May 18 — The Alberta government says people could return home starting on June 1 if conditions are deemed to be safe. The wildfire has now scorched more than 3,500 square kilometres as conditions remain dry and windy.
May 19 — Officials say the threat of the Fort McMurray wildfire has diminished as the flames move into Saskatchewan. Crews have been successful holding the fire back from oilsands facilities and work camps. The blaze has now burned 5,000 square kilometres, the same amount of forest as all fires consumed in Alberta last year.
May 20 — Conditions have improved enough for the province to bring in an extra 1,000 firefighters over the next two weeks to try and gain an upper hand on the fire.
May 24 — Oilsands workers begin the process of restarting their projects.

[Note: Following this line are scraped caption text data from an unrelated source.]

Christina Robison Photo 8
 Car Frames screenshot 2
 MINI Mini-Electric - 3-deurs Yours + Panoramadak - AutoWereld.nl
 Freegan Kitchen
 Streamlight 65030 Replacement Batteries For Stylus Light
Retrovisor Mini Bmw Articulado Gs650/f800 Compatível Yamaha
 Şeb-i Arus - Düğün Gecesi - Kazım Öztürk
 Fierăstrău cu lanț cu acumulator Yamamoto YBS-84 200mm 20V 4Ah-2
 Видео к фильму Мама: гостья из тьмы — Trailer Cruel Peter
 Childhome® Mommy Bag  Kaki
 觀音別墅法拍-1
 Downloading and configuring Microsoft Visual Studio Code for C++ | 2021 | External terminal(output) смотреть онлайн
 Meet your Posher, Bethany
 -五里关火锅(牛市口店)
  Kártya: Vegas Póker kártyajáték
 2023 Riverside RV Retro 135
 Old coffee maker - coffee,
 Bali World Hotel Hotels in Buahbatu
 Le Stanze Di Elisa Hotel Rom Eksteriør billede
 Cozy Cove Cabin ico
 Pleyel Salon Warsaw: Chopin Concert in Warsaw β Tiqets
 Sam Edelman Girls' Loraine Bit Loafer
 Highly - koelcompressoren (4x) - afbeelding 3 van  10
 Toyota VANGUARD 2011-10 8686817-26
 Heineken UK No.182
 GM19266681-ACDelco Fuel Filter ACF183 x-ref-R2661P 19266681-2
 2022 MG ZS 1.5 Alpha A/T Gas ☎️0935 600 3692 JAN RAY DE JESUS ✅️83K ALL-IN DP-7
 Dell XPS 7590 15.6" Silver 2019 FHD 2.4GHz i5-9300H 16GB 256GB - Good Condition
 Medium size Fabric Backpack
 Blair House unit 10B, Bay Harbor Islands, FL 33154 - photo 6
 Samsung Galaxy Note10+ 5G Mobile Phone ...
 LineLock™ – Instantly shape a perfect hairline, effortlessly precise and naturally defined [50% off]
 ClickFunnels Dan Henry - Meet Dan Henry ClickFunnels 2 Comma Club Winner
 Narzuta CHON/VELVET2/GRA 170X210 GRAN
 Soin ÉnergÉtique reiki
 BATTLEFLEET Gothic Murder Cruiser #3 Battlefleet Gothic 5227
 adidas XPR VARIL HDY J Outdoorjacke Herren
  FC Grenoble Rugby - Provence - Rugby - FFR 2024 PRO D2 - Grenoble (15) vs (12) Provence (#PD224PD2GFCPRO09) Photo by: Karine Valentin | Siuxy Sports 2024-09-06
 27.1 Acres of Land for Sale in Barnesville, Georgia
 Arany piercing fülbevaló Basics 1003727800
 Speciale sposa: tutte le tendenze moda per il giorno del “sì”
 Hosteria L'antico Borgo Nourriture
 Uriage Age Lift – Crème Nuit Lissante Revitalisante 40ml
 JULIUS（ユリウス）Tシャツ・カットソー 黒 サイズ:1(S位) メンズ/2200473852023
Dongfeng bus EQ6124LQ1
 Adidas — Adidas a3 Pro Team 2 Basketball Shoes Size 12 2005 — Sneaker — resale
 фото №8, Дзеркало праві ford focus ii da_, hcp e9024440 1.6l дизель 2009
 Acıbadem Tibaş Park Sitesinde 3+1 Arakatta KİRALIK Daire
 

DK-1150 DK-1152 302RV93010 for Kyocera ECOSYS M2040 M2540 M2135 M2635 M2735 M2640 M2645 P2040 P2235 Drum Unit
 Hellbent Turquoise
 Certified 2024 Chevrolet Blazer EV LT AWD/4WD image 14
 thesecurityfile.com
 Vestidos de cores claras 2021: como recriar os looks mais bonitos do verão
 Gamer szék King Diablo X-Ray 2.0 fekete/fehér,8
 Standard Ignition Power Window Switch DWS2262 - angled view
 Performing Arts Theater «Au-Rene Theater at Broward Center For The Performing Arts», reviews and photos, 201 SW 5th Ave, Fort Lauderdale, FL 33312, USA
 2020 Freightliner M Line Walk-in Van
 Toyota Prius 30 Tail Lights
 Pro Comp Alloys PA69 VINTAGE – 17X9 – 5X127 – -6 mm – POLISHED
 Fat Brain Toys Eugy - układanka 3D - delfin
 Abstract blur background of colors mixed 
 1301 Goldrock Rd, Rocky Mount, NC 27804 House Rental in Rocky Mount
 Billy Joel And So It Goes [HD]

May 30 — Re-entry remains on track, but Notley says up to 2,000 evacuees will not be able to do so until possibly September. She says more than 500 homes and about a dozen apartment complexes that escaped the wildfire in three otherwise heavily damaged neighbourhoods are not safe to be lived in yet. She says that conclusion was reached with health experts following tests on air, soil, ash and water.
June 1 — Evacuees start returning home.
June 13 — The wildfire is classified as being held for the first time since it became out of control.
June 15 — Alberta orders reviews into how it responded to the wildfire and decisions about the evacuation.
July 4 — The fire is classified as under control.